Komeyama Shotaro, Watanabe Takuya, Yamagata Kenichiro, Fukushima Norihide
Department of Transplant Medicine, National Cerebral and Cardiovascular Center, 6-1, Kishibe-shinmachi, Suita, Osaka 564-0018, Japan.
Department of Cardiovascular Medicine, National Cerebral and Cardiovascular Center, Osaka 564-0018, Japan.
Eur Heart J Case Rep. 2022 Jul 22;6(7):ytac277. doi: 10.1093/ehjcr/ytac277. eCollection 2022 Jul.
Catheter ablation (CA) has been reported to be an effective therapeutic option for ventricular arrhythmias, even in patients with a left-ventricular assist device (LVAD). However, the issues of right-to-left shunting due to iatrogenic atrial septal defect (iASD) associated with procedures for CA have not been well documented. We describe a rare case of refractory hypoxia associated with right-to-left shunting via iASD after CA through the transseptal approach in an LVAD patient.
A 52-year-old Asian man with a continuous-flow implantable LVAD and progressive right ventricular (RV) dysfunction was admitted because of refractory ventricular tachycardia (VT) and subsequent right heart failure. Since VT could not be controlled by intravenous administration of multiple antiarrhythmic drugs, VT ablation via the transseptal approach was performed. Ventricular tachycardia was terminated to the sinus rhythm after VT ablation; however, hypoxia associated with significant right-to-left shunting across the iASD was detected. Intensive medical management, such as an adjusted mechanical ventilator to increase pulmonary vascular compliance and adjustment of LVAD pump speed, as well as the use of intravenous inotropes to support impaired RV function successfully stabilized the haemodynamic and improved hypoxia for the disappearance of right-to-left shunting. Echocardiography at 7 months after CA showed that the significant iASD and right-to-left shunting had disappeared.
The evaluation of RV function prior to VT ablation via the transseptal approach is important in the postoperative management of patients with LVAD, because RV dysfunction may cause refractory hypoxia due to iASD.

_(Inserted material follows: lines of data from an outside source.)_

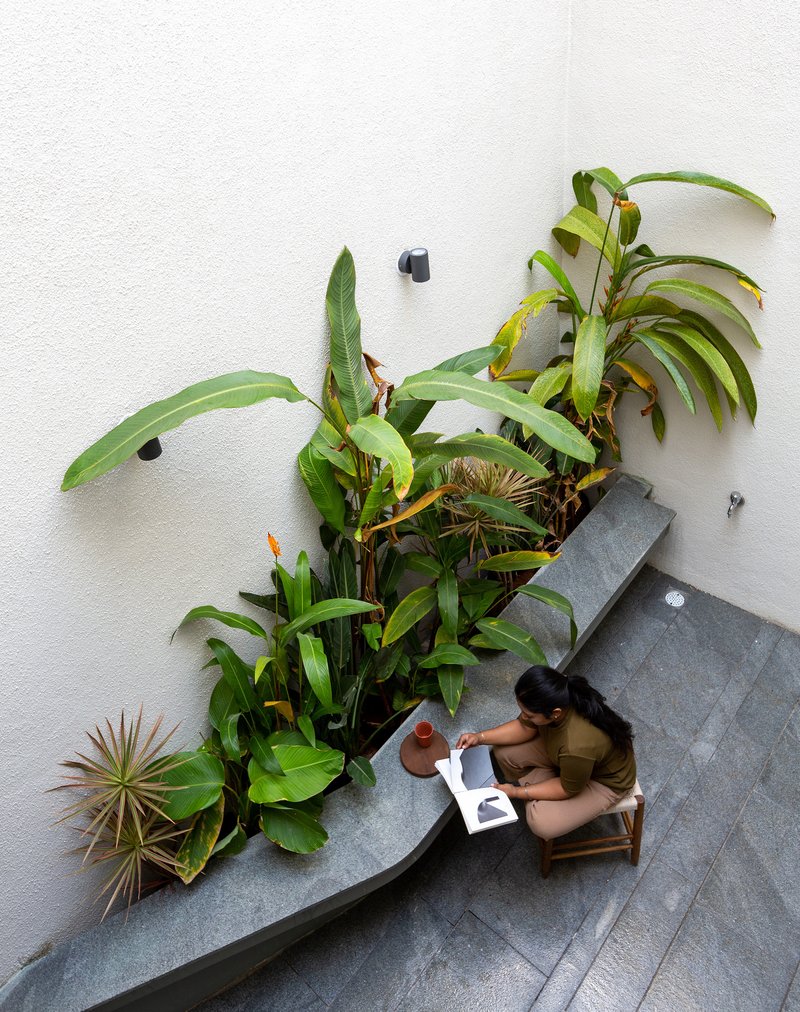 Overhead view of person seated at stone bench beside planted bed in interior courtyard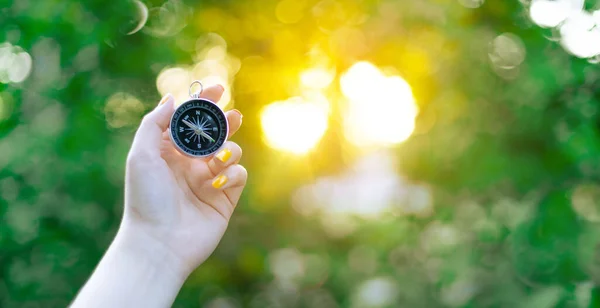 Mano Con Brújula Sobre Fondo Verde Borroso Con Resplandor Solar —  Fotos de Stock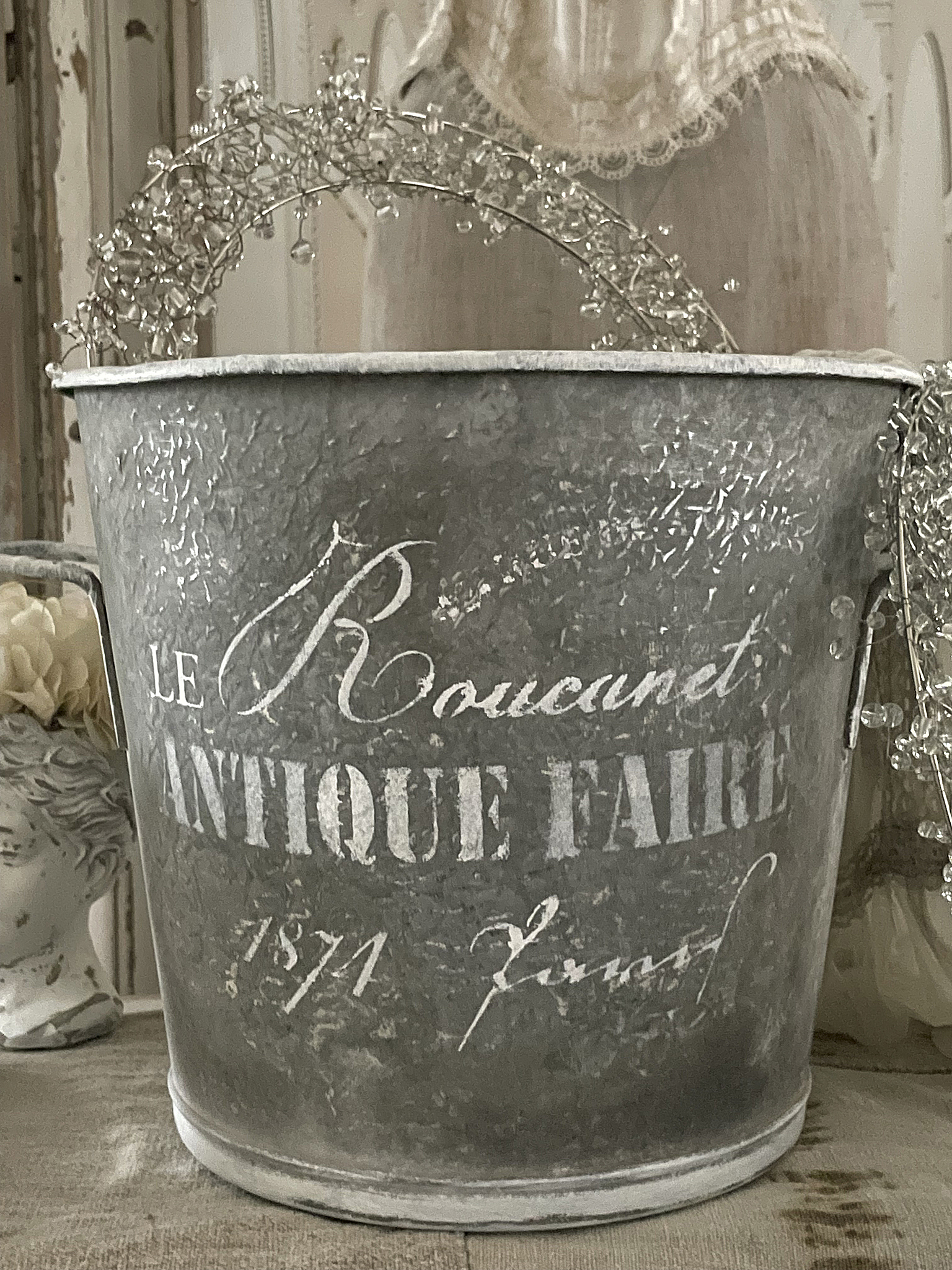 Antiker Metall-Eimer mit nostalgischer Aufschrift und Dekoration Antiker Eimer aus Metall mit Schriftzug 'LE Roucunet ANTIQUE FAIRE', geschmückt mit drahtiger Blüten-Dekoration.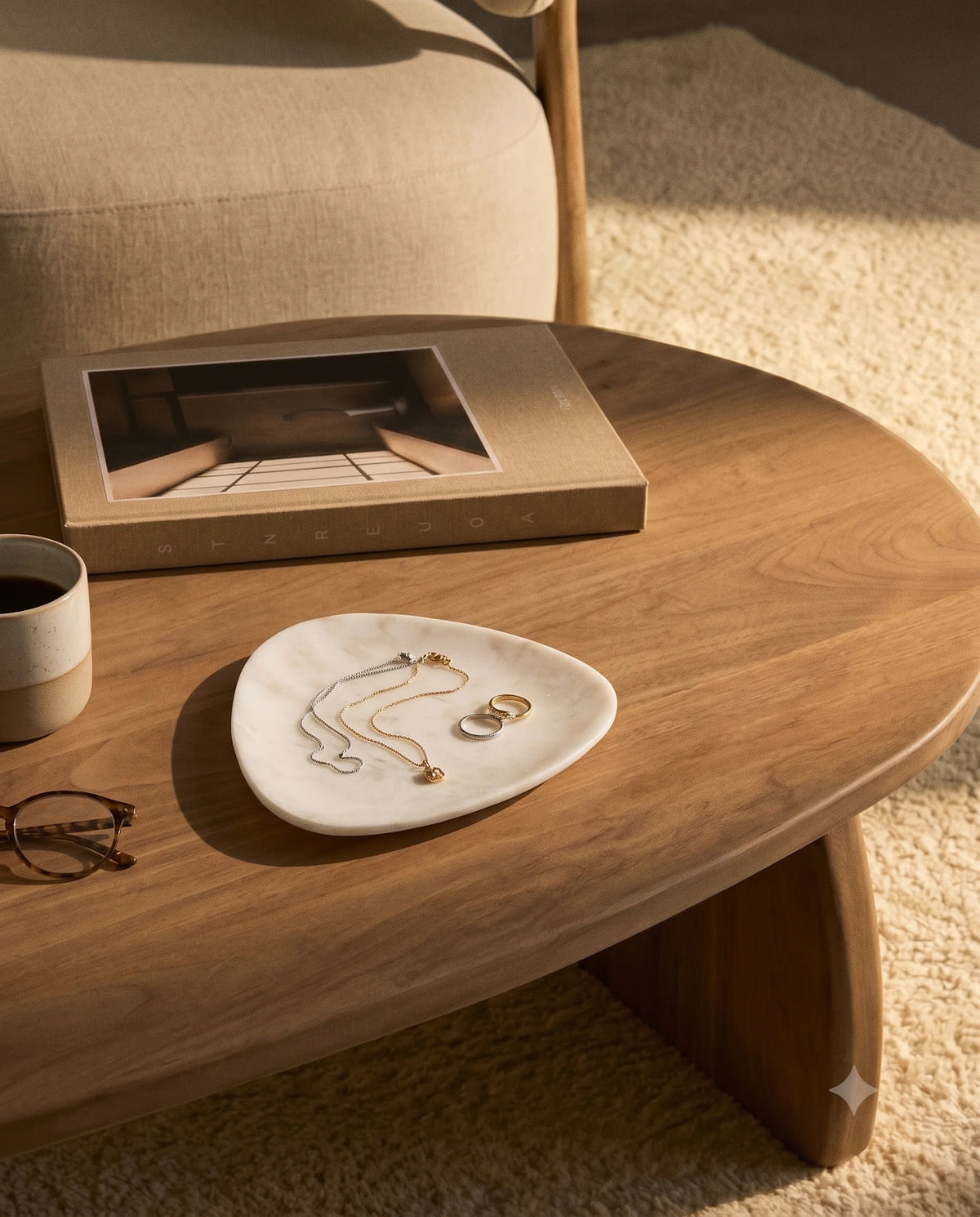 White rounded triangle tray styled as a tabletop accessory.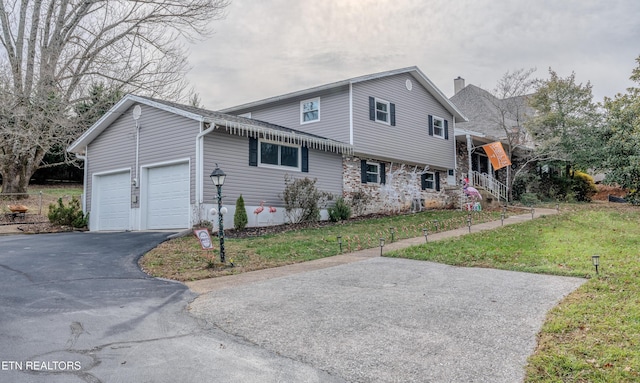 view of front of home with a garage and a front yard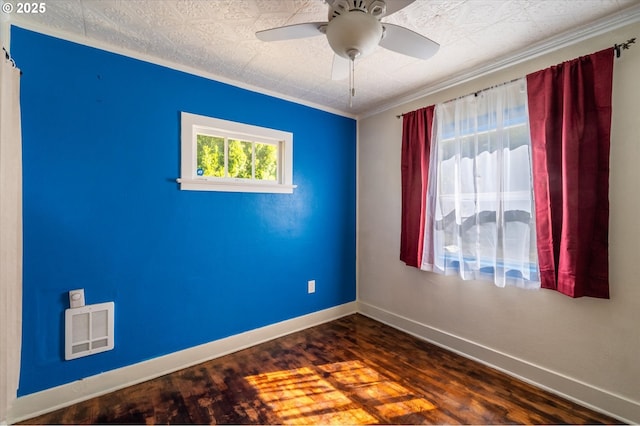 2318 Liberty St, North Bend, OR 97459 - unfurnished room featuring baseboards, crown molding, dark wood-style floors, and ceiling fan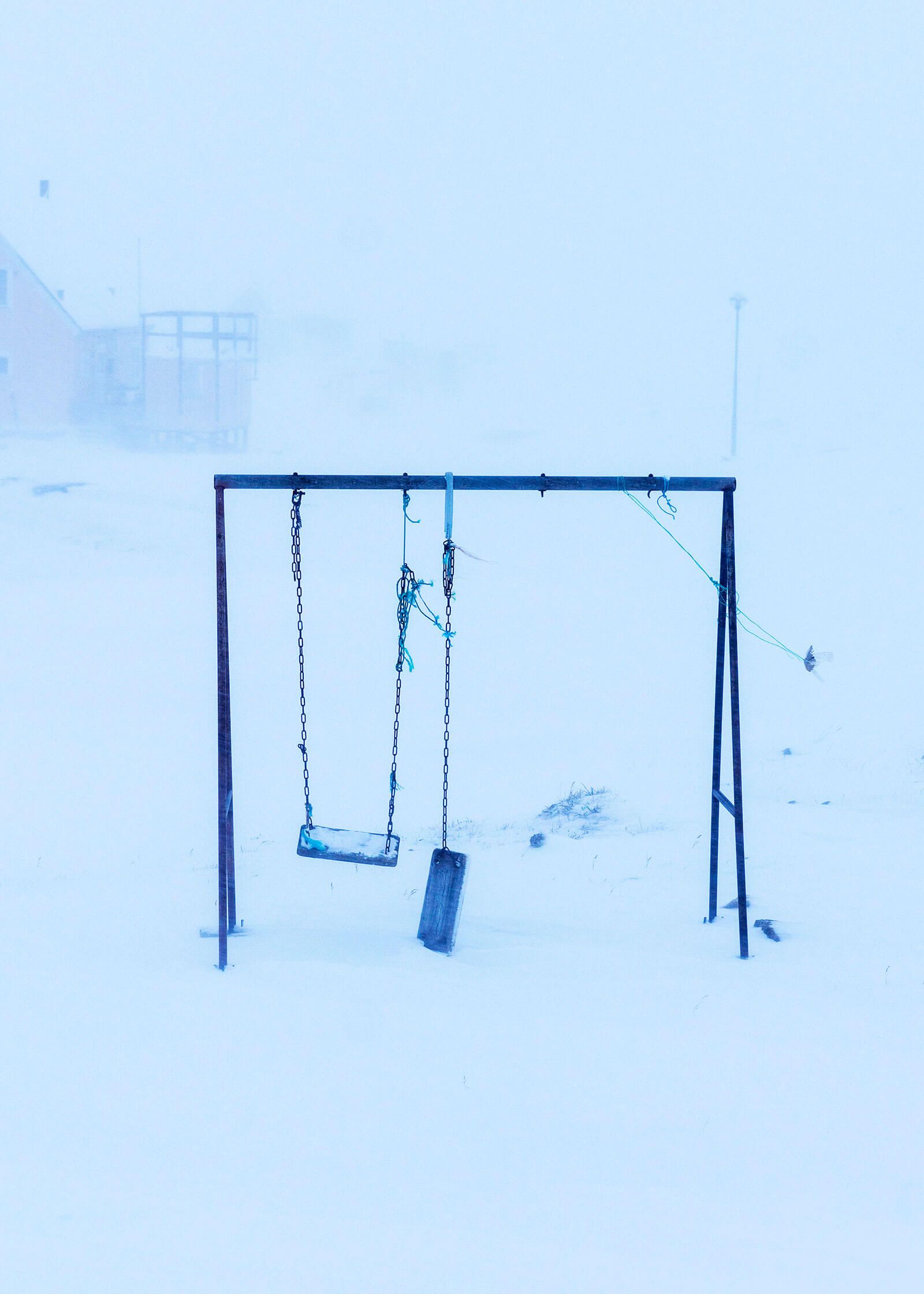 An abandoned playground swing set in the snow in Oqaatsut. Image by Jonas Bendiksen/Magnum Photos. Greenland, 2018.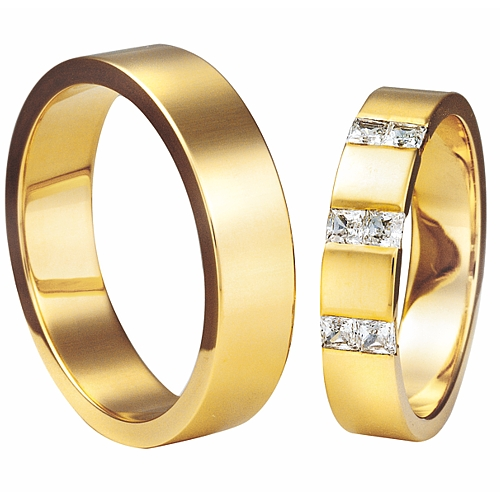 Vigselringar i 8k gult guld med 6 zirkonier Swarovski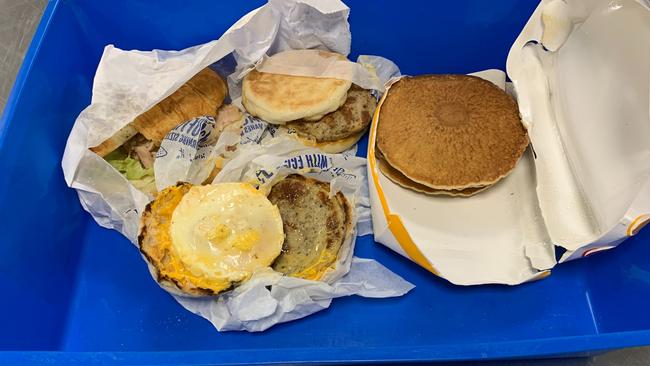 A traveller returning from Bali has been fined $2664 for carrying undeclared meat at Darwin Airport. The items including two sausage and egg McMuffins, were sniffed out by a detector dog. Picture: Supplied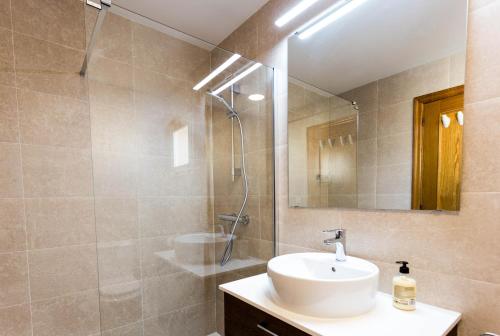 a bathroom with a sink and a shower and a mirror at CASA CON JARDIN-WIFI FREE in L'Escala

据报道,导管消融术(CA)是治疗室性心律失常的有效方法,即使对于植入左心室辅助装置(LVAD)的患者也是如此。然而,与CA手术相关的医源性房间隔缺损(iASD)导致的右向左分流问题尚未得到充分记录。我们描述了1例LVAD患者经房间隔途径行CA术后因iASD导致右向左分流而出现难治性低氧血症的罕见病例。
1例52岁亚洲男性,植入持续血流型LVAD且右心室(RV)功能进行性减退,因难治性室性心动过速(VT)及随后出现的右心衰竭入院。由于静脉注射多种抗心律失常药物无法控制VT,遂行经房间隔途径的VT消融术。VT消融术后VT终止转为窦性心律;然而,检测到与iASD处明显右向左分流相关的低氧血症。强化内科治疗,如调整机械通气以增加肺血管顺应性、调整LVAD泵速,以及使用静脉注射正性肌力药物支持受损的RV功能,成功稳定了血流动力学并改善了低氧血症,使右向左分流消失。CA术后7个月的超声心动图显示,明显的iASD及右向左分流已消失。
对于LVAD患者,在经房间隔途径行VT消融术前评估RV功能对术后管理很重要,因为RV功能障碍可能因iASD导致难治性低氧血症。